*** Opening Provided entries ***

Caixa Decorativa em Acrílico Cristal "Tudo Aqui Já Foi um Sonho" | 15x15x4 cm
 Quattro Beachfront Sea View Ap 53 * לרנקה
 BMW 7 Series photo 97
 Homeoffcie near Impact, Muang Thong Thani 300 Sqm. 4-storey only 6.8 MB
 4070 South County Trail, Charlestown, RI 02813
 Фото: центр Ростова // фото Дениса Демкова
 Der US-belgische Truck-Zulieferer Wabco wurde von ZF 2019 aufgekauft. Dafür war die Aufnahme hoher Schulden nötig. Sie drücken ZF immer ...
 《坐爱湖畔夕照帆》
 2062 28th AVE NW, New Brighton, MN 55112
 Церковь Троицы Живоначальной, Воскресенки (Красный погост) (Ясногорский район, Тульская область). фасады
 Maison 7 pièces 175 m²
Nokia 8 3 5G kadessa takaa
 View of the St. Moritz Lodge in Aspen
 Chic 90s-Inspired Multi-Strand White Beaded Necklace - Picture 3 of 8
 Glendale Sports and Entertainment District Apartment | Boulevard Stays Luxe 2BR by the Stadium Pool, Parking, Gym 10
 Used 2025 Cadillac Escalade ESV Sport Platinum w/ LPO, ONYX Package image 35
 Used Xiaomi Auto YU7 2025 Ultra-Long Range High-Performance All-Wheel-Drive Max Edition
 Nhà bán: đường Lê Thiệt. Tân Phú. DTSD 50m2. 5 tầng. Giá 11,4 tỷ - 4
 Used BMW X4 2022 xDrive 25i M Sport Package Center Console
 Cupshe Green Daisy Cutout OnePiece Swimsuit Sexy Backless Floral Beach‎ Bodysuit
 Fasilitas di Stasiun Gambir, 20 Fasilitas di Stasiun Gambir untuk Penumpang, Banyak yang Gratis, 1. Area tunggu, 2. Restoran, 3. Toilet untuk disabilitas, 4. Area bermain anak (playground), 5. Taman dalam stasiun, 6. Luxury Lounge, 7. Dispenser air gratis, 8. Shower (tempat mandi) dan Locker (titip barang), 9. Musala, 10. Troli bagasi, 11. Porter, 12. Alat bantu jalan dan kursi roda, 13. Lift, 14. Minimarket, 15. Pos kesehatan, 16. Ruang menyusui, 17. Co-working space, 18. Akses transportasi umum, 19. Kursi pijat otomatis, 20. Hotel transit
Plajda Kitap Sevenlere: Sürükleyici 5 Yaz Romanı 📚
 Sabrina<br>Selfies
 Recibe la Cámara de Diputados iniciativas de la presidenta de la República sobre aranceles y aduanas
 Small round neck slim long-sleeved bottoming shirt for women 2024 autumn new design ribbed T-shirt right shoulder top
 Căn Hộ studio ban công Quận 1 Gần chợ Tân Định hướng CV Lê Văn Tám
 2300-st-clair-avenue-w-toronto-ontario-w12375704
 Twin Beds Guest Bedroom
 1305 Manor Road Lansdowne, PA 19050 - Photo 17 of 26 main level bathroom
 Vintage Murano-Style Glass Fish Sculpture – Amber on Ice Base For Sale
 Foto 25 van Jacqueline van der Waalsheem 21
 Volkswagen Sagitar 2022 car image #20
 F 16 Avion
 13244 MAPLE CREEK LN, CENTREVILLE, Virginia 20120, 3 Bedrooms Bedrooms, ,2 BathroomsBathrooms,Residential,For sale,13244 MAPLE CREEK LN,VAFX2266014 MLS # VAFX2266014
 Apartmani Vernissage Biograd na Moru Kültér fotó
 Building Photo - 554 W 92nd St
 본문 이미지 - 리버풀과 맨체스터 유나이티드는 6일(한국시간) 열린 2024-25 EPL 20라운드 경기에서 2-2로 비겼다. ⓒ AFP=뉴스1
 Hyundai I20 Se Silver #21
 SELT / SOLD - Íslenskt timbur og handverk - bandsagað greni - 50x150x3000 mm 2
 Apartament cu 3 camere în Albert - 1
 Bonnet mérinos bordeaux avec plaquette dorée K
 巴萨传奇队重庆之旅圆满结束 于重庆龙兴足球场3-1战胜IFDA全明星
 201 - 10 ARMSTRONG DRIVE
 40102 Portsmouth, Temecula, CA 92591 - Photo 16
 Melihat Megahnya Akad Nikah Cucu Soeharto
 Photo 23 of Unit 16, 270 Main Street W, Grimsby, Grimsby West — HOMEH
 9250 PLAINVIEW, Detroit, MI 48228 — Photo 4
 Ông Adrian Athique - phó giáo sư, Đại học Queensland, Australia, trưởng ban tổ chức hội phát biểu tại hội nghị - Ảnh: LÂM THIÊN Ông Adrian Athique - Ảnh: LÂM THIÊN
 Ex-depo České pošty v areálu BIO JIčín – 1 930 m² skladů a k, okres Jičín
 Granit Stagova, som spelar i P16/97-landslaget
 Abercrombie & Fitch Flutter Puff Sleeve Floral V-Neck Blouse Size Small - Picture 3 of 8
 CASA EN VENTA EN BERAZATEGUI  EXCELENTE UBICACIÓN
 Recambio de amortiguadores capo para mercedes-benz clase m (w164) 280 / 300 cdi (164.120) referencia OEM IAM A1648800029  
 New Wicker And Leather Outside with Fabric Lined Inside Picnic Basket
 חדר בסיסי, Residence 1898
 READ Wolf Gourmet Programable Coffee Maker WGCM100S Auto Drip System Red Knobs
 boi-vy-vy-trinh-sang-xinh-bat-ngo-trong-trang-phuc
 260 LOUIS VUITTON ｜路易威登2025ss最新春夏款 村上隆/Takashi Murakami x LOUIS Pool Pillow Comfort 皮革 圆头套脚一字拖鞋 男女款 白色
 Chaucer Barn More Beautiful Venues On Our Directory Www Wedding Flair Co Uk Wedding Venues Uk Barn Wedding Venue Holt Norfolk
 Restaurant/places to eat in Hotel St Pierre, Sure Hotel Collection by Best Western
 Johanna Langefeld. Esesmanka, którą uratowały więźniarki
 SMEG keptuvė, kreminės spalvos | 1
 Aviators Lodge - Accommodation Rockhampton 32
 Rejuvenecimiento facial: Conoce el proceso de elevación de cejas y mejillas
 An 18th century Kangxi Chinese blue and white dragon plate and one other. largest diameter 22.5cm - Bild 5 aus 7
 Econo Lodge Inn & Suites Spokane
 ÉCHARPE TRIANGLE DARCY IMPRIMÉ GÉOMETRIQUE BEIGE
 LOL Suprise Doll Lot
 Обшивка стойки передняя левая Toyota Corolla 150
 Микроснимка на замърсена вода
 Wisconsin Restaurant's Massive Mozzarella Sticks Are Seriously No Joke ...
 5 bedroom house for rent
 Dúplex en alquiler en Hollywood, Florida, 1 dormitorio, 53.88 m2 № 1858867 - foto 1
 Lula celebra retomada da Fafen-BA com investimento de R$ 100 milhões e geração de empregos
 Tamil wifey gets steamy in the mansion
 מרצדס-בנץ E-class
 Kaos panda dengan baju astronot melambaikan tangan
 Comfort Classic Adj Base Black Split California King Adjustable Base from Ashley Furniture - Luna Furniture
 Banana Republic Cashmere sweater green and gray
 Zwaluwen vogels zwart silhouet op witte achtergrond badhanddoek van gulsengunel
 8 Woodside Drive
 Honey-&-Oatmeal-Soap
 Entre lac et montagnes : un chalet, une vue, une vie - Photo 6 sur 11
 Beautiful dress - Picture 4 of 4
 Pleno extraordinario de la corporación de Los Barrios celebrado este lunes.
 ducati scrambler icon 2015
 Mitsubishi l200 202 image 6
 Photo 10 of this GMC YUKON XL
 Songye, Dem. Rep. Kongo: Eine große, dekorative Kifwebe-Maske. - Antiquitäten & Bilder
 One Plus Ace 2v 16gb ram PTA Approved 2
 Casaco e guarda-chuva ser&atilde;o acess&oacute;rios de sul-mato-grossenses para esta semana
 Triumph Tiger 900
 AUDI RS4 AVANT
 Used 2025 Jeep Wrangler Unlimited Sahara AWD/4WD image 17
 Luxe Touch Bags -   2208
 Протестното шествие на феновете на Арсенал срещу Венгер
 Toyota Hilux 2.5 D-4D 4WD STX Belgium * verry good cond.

*** Closing Provided entries ***

Please give again the lines above between the line holding "Tamil wifey gets steamy in the mansion" and the line holding "ducati scrambler icon 2015", inclusive, exactly as they are and with nothing added.

- [Your solution]:
 Tamil wifey gets steamy in the mansion
 מרצדס-בנץ E-class
 Kaos panda dengan baju astronot melambaikan tangan
 Comfort Classic Adj Base Black Split California King Adjustable Base from Ashley Furniture - Luna Furniture
 Banana Republic Cashmere sweater green and gray
 Zwaluwen vogels zwart silhouet op witte achtergrond badhanddoek van gulsengunel
 8 Woodside Drive
 Honey-&-Oatmeal-Soap
 Entre lac et montagnes : un chalet, une vue, une vie - Photo 6 sur 11
 Beautiful dress - Picture 4 of 4
 Pleno extraordinario de la corporación de Los Barrios celebrado este lunes.
 ducati scrambler icon 2015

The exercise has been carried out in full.